5. Pandas 2.2 — How Far Did It Catch Up With the PyArrow Backend?

Pandas introduced the PyArrow backend in 2.0 (2023) and stabilized it in 2.2 (2024). As of 2026, Pandas 2.2.x is the de-facto standard while 3.0 has been in a long beta.

Turning On the Arrow Backend

import pandas as pd

# Option A — explicit Arrow dtypes
df = pd.read_parquet("sales.parquet", dtype_backend="pyarrow")

# Option B — set a Series dtype to Arrow
s = pd.Series([1, 2, None], dtype="int64[pyarrow]")

What you gain:

• String columns become genuinely fast and use much less memory.
• An int column with nulls no longer silently promotes to float (Int64[pyarrow] is nullable).
• Date and time stay as Arrow timestamps.
• Zero-copy interop with DuckDB, Polars, Spark.

What Pandas 2.2 Still Cannot Do

• No lazy evaluation. Everything is eager. Predicate pushdown only via read_parquet(filters=).
• No query optimizer. Pandas runs operations in the order you wrote them.
• Single-threaded inside the GIL by default.
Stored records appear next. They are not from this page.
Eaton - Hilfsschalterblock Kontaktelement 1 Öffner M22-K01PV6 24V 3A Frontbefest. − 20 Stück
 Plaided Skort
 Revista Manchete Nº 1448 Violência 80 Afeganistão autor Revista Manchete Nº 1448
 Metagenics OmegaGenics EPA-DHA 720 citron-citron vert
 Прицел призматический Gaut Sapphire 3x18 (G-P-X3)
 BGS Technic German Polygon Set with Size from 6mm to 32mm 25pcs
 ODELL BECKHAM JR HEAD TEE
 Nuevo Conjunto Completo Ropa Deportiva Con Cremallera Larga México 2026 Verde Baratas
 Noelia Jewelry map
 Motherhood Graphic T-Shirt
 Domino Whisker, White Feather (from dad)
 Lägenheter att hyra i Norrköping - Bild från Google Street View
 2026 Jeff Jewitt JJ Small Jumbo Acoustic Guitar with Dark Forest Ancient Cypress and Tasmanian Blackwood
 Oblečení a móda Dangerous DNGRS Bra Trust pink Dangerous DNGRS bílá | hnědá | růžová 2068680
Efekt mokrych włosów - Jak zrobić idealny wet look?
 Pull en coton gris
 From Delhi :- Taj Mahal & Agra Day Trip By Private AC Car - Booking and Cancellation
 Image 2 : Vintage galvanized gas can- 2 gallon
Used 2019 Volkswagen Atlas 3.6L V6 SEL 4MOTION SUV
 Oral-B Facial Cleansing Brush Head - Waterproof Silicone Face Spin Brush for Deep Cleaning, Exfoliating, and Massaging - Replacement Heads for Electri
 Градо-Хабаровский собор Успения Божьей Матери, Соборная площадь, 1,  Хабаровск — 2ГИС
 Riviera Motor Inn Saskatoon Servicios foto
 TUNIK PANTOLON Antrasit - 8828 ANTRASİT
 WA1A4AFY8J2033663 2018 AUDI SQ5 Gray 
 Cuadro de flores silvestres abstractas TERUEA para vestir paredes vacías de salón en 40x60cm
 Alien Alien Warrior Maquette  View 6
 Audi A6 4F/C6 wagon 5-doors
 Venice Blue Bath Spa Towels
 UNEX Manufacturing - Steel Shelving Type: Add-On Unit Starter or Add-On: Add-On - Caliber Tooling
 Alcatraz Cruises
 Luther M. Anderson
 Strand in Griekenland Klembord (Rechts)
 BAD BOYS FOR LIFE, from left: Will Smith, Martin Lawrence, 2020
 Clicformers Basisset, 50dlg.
You opt into numba, numexpr, or pyarrow.compute case by case.
• No expression API. Composing multi-column expressions inside a group-by stays awkward.
• Huge API surface. Pandas is a sprawling dictionary; a lot of implicit magic happens.

To summarize: the data structures moved to Arrow, but the execution engine is still 1990s imperative. That gap is why Polars wins even on the same Arrow foundation.

6. Polars vs Pandas — The Full Comparison Matrix

The same task, side by side in both libraries.

6.1 Read Parquet, Filter, Group-By

Pandas:

import pandas as pd

df = pd.read_parquet("sales.parquet", dtype_backend="pyarrow")
kr = df[df["country"] == "KR"]
result = (
    kr.groupby("user_id", as_index=False)["amount"]
      .agg(["sum", "mean", "count"])
)

Polars (lazy):

import polars as pl

result = (
    pl.scan_parquet("sales.parquet")
      .filter(pl.col("country") == "KR")
      .group_by("user_id")
      .agg([
          pl.col("amount").sum().alias("total"),
          pl.col("amount").mean().alias("avg"),
          pl.col("amount").count().alias("n"),
      ])
      .collect()
)

The line counts look similar, but the plan-level work is not. Polars pushes the filter into the scan and only reads three columns off disk.

6.2 Join

Pandas:

merged = pd.merge(orders, users, on="user_id", how="left")

Polars:

merged = orders.lazy().join(users.lazy(), on="user_id", how="left").collect()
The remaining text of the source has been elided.